WORK INSTRUCTIONS
Output exactly, and only, the lines below from the one with "Romantic Wooden Lodge,Sauna,Schwimmteich,Alleinstehend,Absolut" down to the one with "Scoot Henderson 2023-24". Include both end lines and no pictures.

GIVEN RECORDS
*****

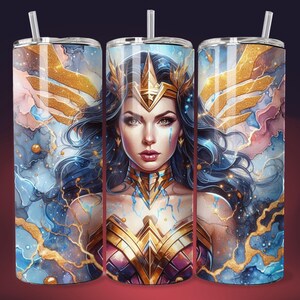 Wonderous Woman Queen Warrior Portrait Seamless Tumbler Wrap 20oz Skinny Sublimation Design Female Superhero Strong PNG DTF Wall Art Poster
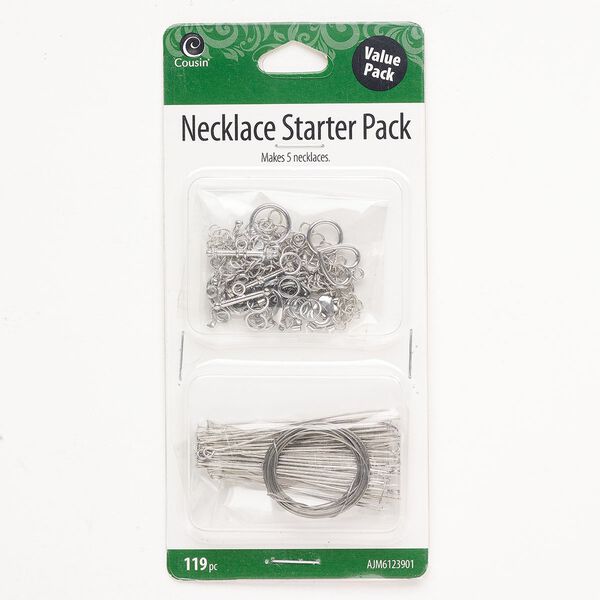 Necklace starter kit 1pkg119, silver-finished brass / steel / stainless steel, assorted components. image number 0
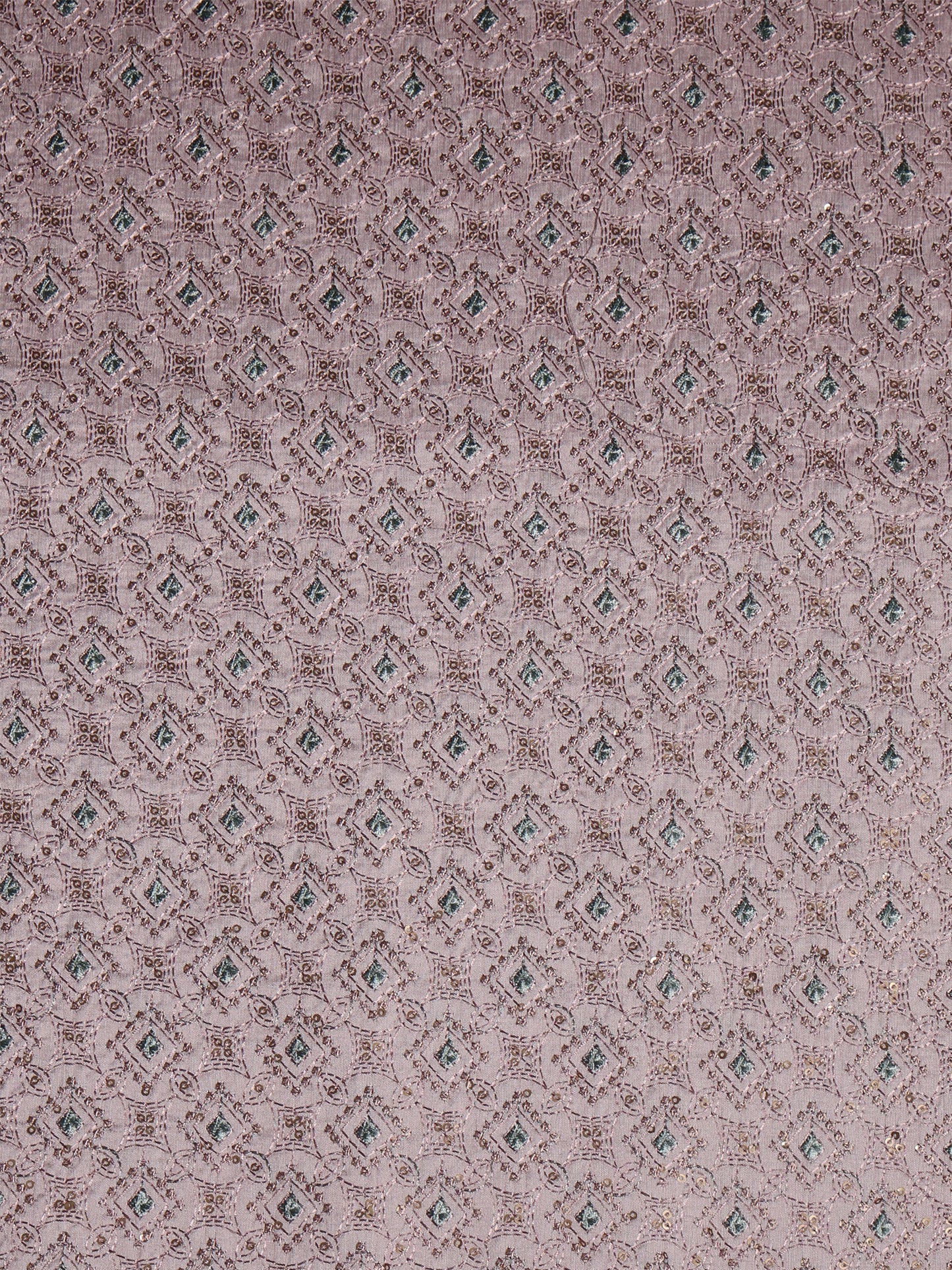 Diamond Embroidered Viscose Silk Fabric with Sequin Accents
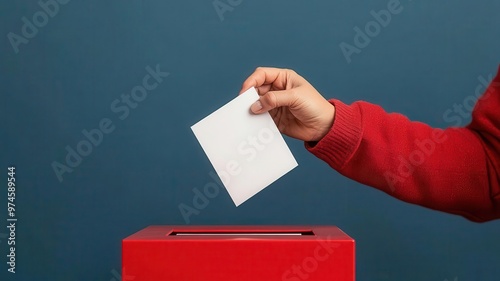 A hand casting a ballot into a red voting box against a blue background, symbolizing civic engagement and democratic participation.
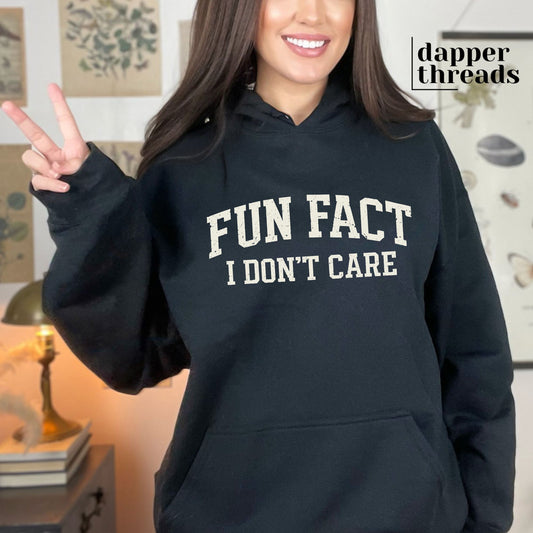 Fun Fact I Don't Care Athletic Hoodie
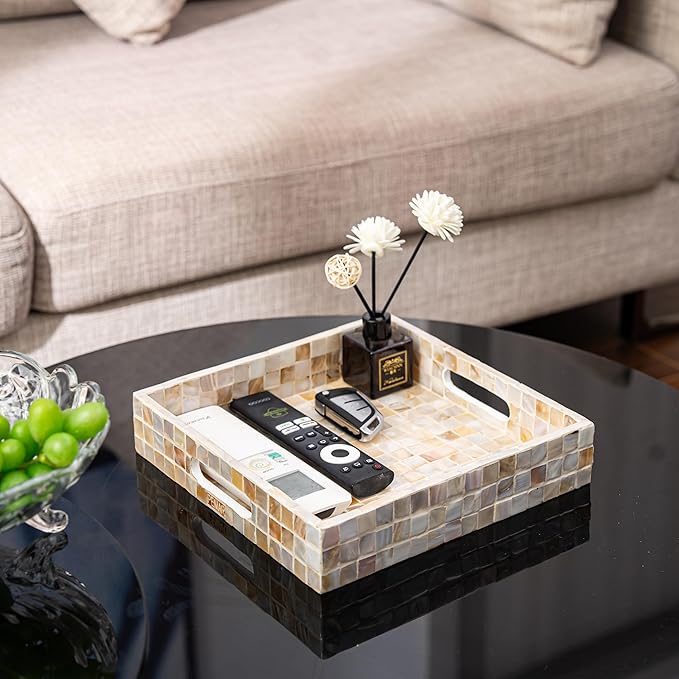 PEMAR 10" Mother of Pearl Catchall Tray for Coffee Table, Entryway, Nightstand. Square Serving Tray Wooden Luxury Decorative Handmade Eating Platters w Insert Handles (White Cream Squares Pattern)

*****

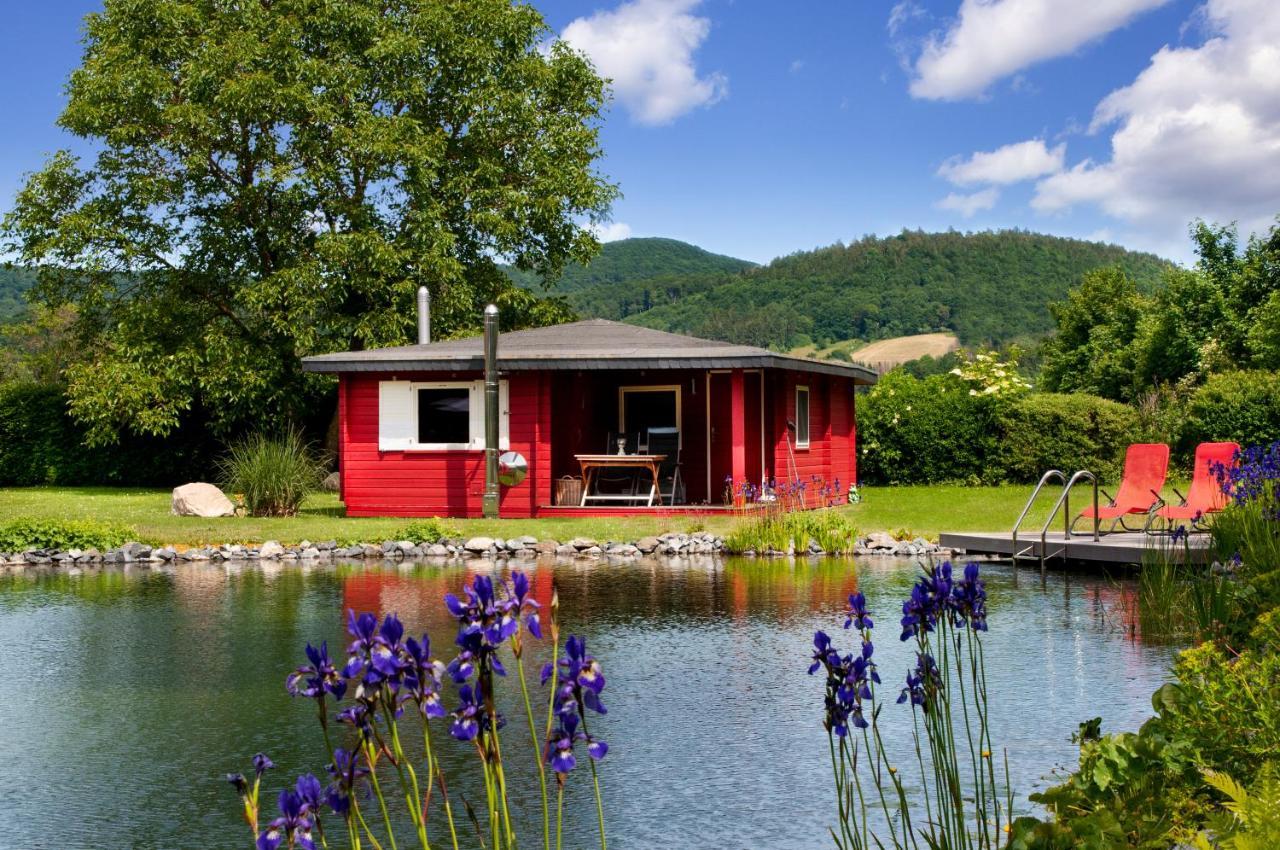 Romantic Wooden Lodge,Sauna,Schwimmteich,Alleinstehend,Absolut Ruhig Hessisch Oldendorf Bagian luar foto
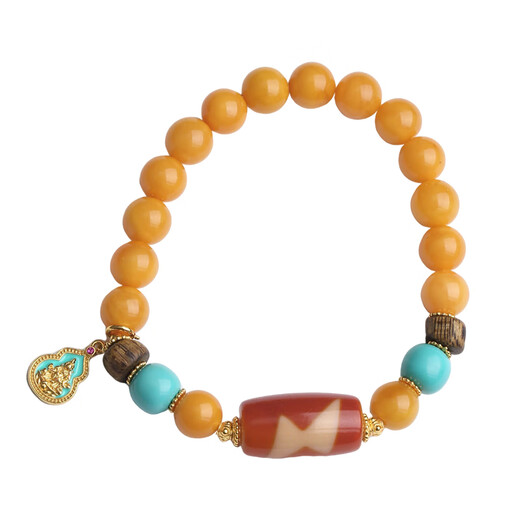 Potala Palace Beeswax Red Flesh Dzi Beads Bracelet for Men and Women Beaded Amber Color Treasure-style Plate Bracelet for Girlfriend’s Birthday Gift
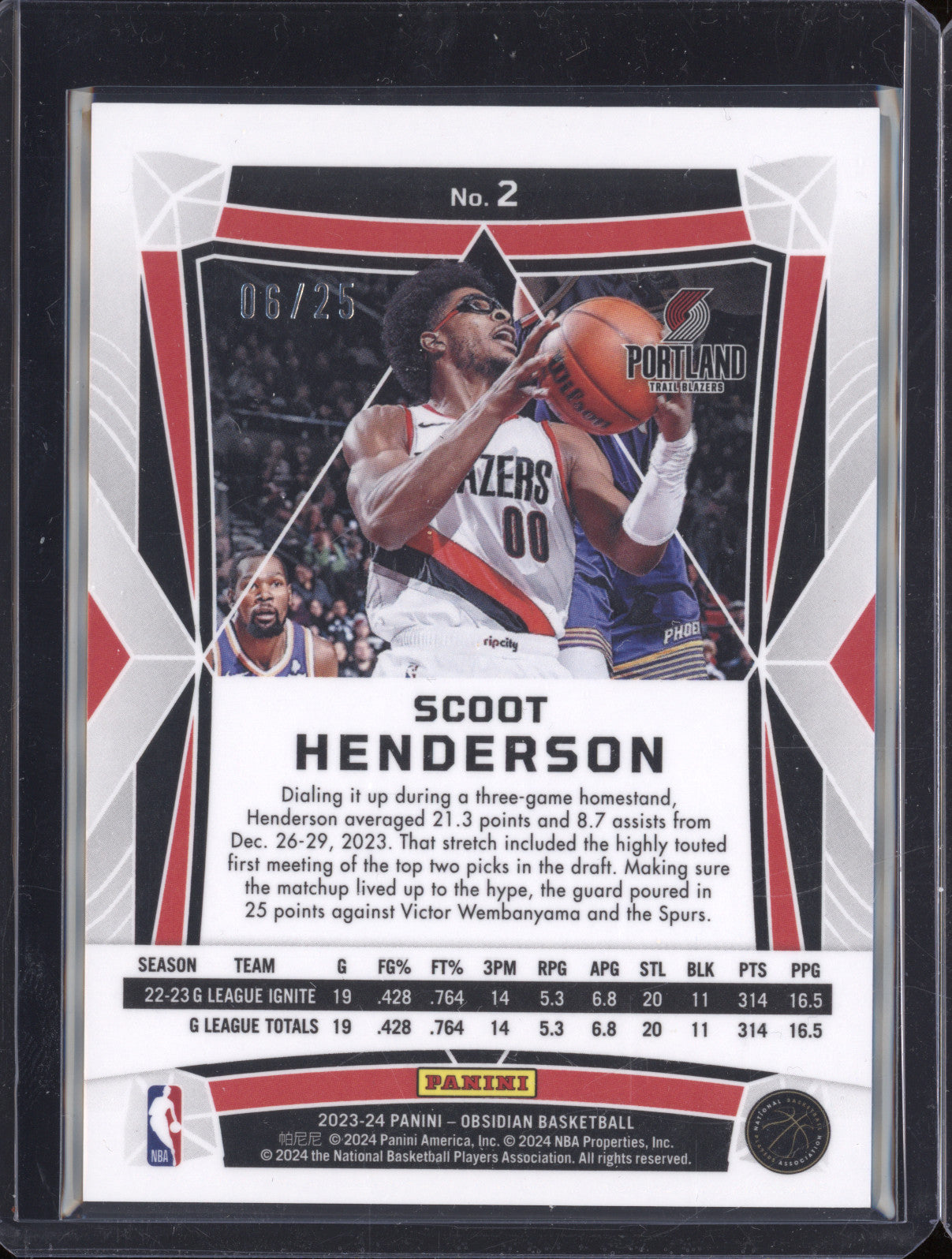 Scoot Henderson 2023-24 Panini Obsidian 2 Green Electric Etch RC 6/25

*****

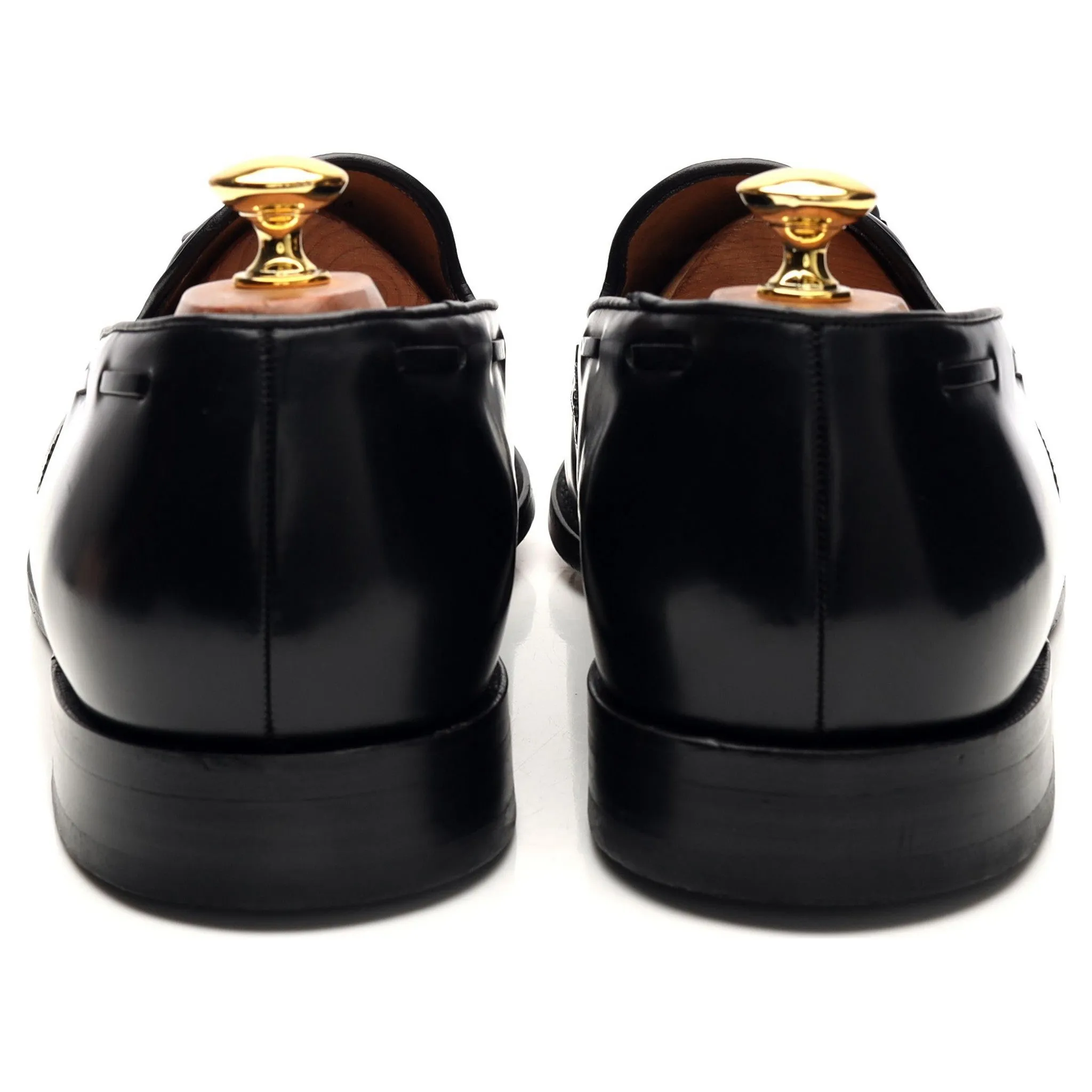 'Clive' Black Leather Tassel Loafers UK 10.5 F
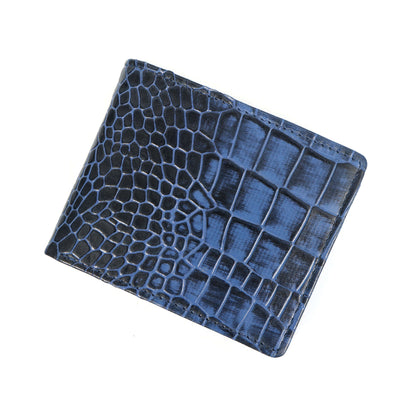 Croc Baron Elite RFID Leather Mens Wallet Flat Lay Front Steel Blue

*****

RESULT
 Romantic Wooden Lodge,Sauna,Schwimmteich,Alleinstehend,Absolut Ruhig Hessisch Oldendorf Bagian luar foto
 Potala Palace Beeswax Red Flesh Dzi Beads Bracelet for Men and Women Beaded Amber Color Treasure-style Plate Bracelet for Girlfriend’s Birthday Gift
 Scoot Henderson 2023-24 Panini Obsidian 2 Green Electric Etch RC 6/25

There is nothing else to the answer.